Look in the material below for the line with "2022 Tata NEXON" and the line with "Certified 2026 Ford", then set down exactly those two lines and all lines between, nothing more.

→ **GIVEN RECORDS**

====

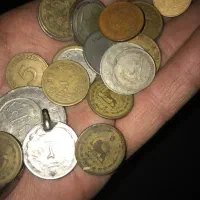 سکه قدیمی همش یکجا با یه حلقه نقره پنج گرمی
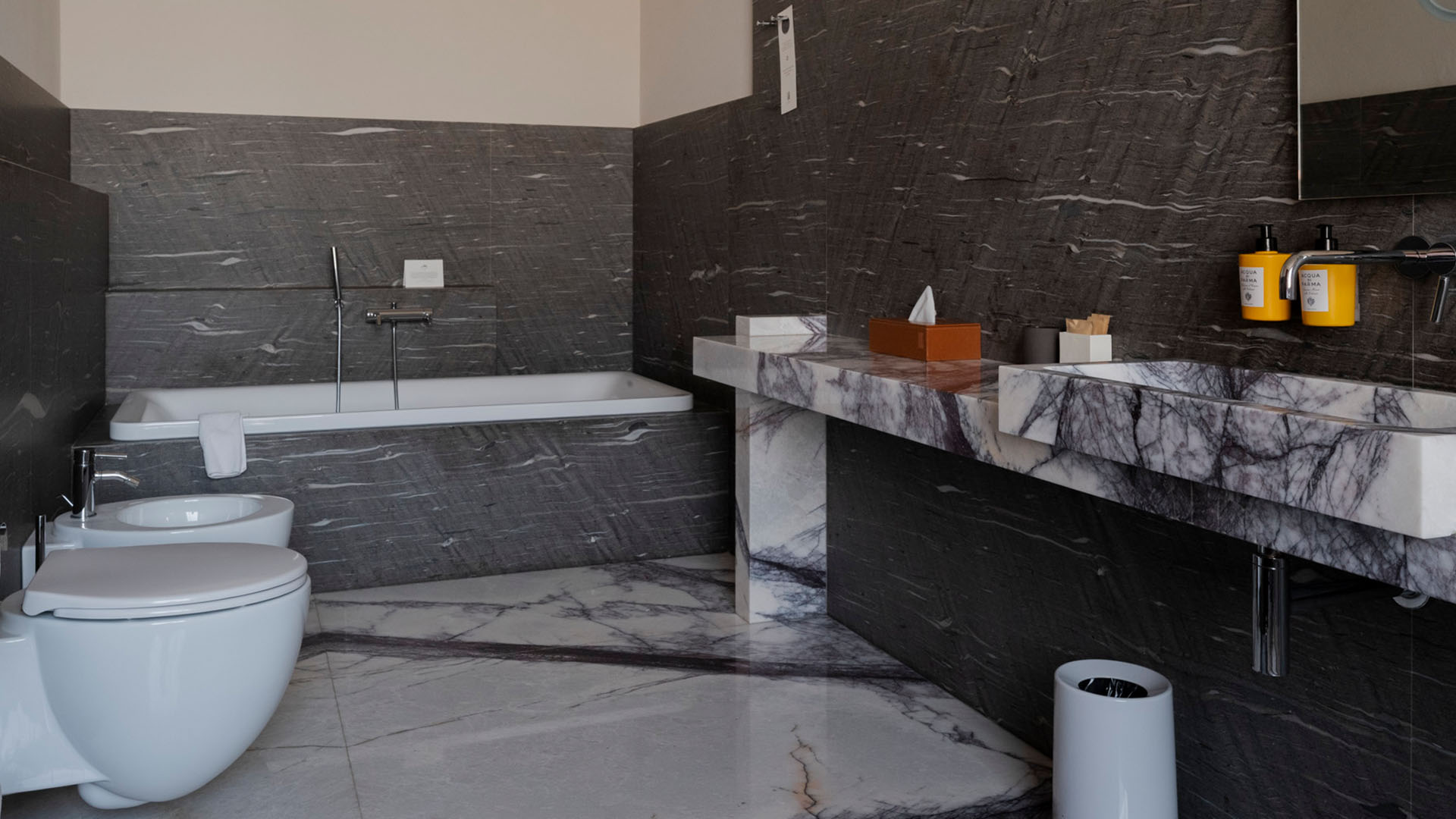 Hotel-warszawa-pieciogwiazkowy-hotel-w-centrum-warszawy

====

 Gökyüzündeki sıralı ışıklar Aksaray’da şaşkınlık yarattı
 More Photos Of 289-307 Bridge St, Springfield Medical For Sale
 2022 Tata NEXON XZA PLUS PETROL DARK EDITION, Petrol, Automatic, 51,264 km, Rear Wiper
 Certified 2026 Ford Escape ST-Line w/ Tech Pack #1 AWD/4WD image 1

====

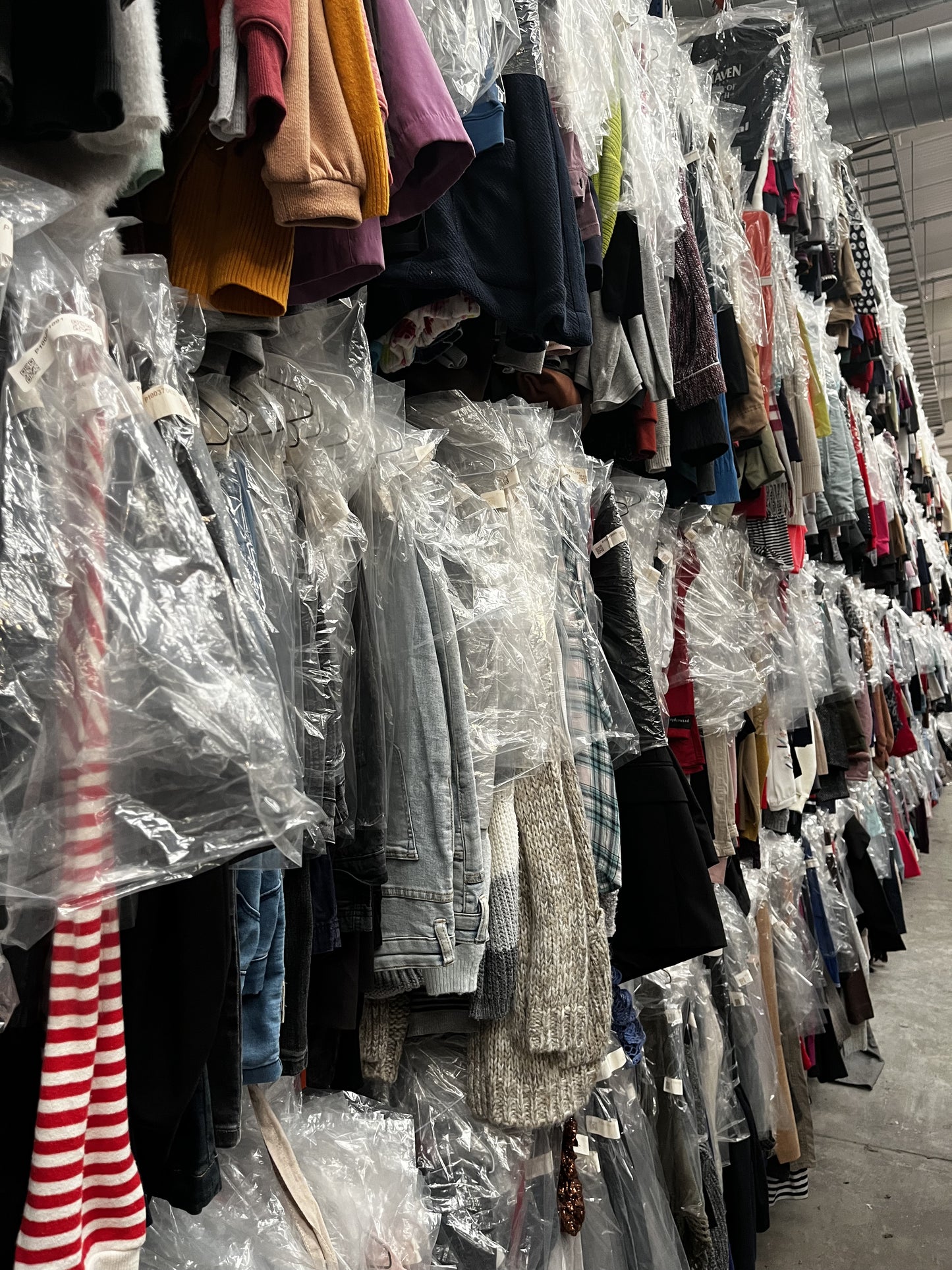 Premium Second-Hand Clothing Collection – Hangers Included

====

→ **REPLY**
 2022 Tata NEXON XZA PLUS PETROL DARK EDITION, Petrol, Automatic, 51,264 km, Rear Wiper
 Certified 2026 Ford Escape ST-Line w/ Tech Pack #1 AWD/4WD image 1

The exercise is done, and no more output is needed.